Anyway, the main man page has 48 examples (as of 2015-11). Here are some meta-comments about those examples that didn't translate cleanly (or in some cases didn't translate at all) in map:

  • Cartesian product: Map can do that by piping to another map (probably ad infinitum), but on the rare occasions I have needed them, I used a very simple program; see Appendix 1 (it's small enough that I can -- if I ever feel the need -- roll it into map, too). Almost all of the examples involving CPs can be done using that, with the final result piped to map's delimiter mode; see example 13 below.

  • Embedding perl code: we don't do that, but it can't be that hard, if needed. If someone sends me a really convincing -- as in, not contrived -- use case I will probably add it.

  • Grouping output lines: I have never come across a case where I want parallelism as well as ordered output. On the rare cases that I did, I just add | tail -9999 to the command template; works fine.

  • Tagging output lines: Even rarer than the above. If needed, I would probably just add | sed -e "s/^/% /".

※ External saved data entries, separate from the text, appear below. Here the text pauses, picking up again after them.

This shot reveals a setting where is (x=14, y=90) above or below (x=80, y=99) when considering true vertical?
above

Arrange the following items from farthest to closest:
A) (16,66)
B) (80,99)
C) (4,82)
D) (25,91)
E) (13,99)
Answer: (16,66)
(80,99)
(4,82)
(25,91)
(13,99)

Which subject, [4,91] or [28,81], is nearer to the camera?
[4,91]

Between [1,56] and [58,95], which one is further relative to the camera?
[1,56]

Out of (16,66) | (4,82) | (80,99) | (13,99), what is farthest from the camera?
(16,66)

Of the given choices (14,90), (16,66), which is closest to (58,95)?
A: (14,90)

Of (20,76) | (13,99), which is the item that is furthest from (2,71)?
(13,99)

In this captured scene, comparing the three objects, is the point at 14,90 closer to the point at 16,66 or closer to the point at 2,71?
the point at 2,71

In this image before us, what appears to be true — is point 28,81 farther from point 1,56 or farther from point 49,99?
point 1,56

  • Keep output order same as input: Again, I never needed that and parallelism. Unlike the previous two examples, I don't have a ready alternative either. So this is definitely something I may look into if I ever see the need (or someone asks).

  • Splitting a big file and sending it to different invocations: I had a program called split_map in the old 'map' but I don't think I ever used it so I got rid of it. (If someone was using it and needs it back, let me know...)

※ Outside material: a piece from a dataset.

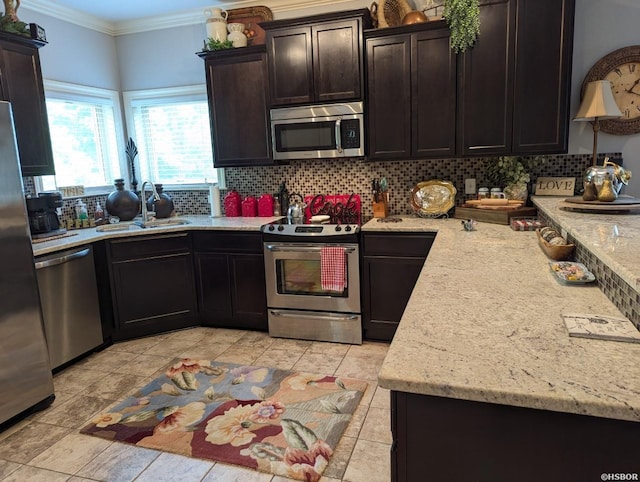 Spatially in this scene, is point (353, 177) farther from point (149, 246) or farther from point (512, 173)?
point (149, 246)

  • Dealing with remote systems, sending files back and forth, and so on: fuggedaboudit!

PS: Honestly, Parallel has so many options for so many things I'm disappointed it doesn't come with a game of tetris to play while you're waiting for your jobs to complete ;-)

Details

Let's briefly recap map's options, defaults, and argument handling first. The default max-args is 100 (-n option) and the default parallelism is 4 (-p option). The documentation explains the rationale behind these defaults. The command template can contain % (which is eqvt to %F), or %D, %B, and %E. Generally, %F equals %D/%B.%E. In 'delimiter mode', you can use %1 thru %9.

With that out of the way, here are the details for some of the interesting ones, as briefly as I could write them up. I've left out many that are boring, trivially doable, or repeat an earlier example with marginal changes, Stuff that is completely outside the core idea (like all the remote file handling stuff) is also ignored. And I've already ranted about filenames with quote characters and so on.

  • example 1, xargs -n1

    parallel gzip --best
    map -n1 "gzip --best"
    
  • example 2, arguments from command line

    parallel gzip --best ::: *.html
    map -n1 "gzip --best" *.html
    
  • example 3, inserting multiple arguments

    parallel -m mv {} destdir
    map "mv % destdir"
    
  • example 4, context replace

    seq -w 0 9999 | parallel -X rm pict{}.jpg
    seq -w 0 9999 | map "rm pict%.jpg"
    
  • example 5, compute intensive jobs and substitution

    find . -name '*.jpg' | parallel convert -geometry 120 {} {}_thumb.jpg
    find . -name '*.jpg' | map "convert -geometry 120 % %_thumb.jpg"
    
    find . -name '*.jpg' | parallel convert -geometry 120 {} {.}_thumb.jpg
    find . -name '*.jpg' | map "convert -geometry 120 % %D/%B_thumb.jpg"
    
  • example 6, substitution and redirection

    parallel "zcat {} >{.}" ::: *.gz
    map "zcat % > %B" *.gz
    
  • example 8, calling bash functions

    So, after impressing us with their ability to handle shell functions entirely typed at the command line (in example 7), they now stoop down to how we mere mortals can/should do it.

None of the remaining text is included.